# Data excerpt
■ ■ ■ ■
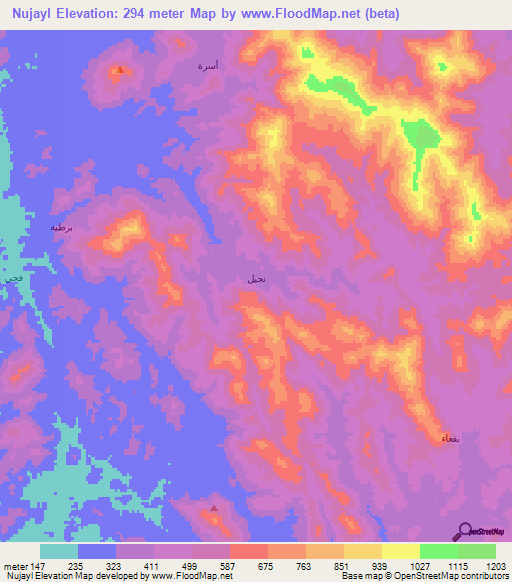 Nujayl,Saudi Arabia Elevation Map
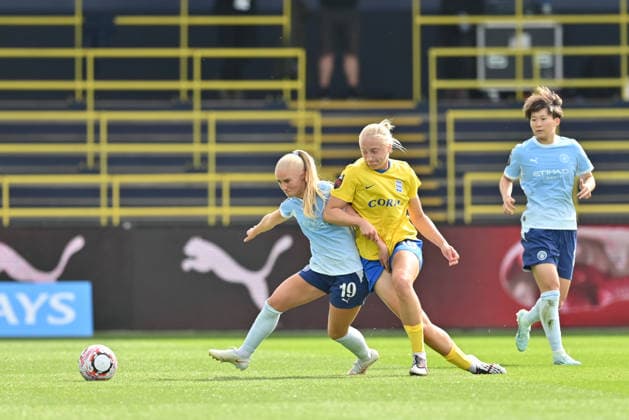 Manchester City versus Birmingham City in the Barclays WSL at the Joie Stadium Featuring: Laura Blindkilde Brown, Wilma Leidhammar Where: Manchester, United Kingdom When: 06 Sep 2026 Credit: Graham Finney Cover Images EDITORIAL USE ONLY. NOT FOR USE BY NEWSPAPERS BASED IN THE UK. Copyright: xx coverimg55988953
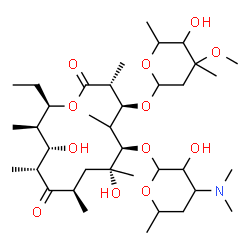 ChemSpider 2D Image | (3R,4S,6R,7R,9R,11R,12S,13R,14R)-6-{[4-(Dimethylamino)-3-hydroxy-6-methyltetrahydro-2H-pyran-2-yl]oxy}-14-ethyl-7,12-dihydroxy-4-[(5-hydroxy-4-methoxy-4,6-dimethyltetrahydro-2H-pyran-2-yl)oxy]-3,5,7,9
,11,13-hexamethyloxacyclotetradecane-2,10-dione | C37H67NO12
■ ■ ■ ■
# What the exercise asks
Each line of the material is to be output exactly. Images are not part of the expected output.

# Written answer
 Nujayl,Saudi Arabia Elevation Map
 Manchester City versus Birmingham City in the Barclays WSL at the Joie Stadium Featuring: Laura Blindkilde Brown, Wilma Leidhammar Where: Manchester, United Kingdom When: 06 Sep 2026 Credit: Graham Finney Cover Images EDITORIAL USE ONLY. NOT FOR USE BY NEWSPAPERS BASED IN THE UK. Copyright: xx coverimg55988953
 ChemSpider 2D Image | (3R,4S,6R,7R,9R,11R,12S,13R,14R)-6-{[4-(Dimethylamino)-3-hydroxy-6-methyltetrahydro-2H-pyran-2-yl]oxy}-14-ethyl-7,12-dihydroxy-4-[(5-hydroxy-4-methoxy-4,6-dimethyltetrahydro-2H-pyran-2-yl)oxy]-3,5,7,9
,11,13-hexamethyloxacyclotetradecane-2,10-dione | C37H67NO12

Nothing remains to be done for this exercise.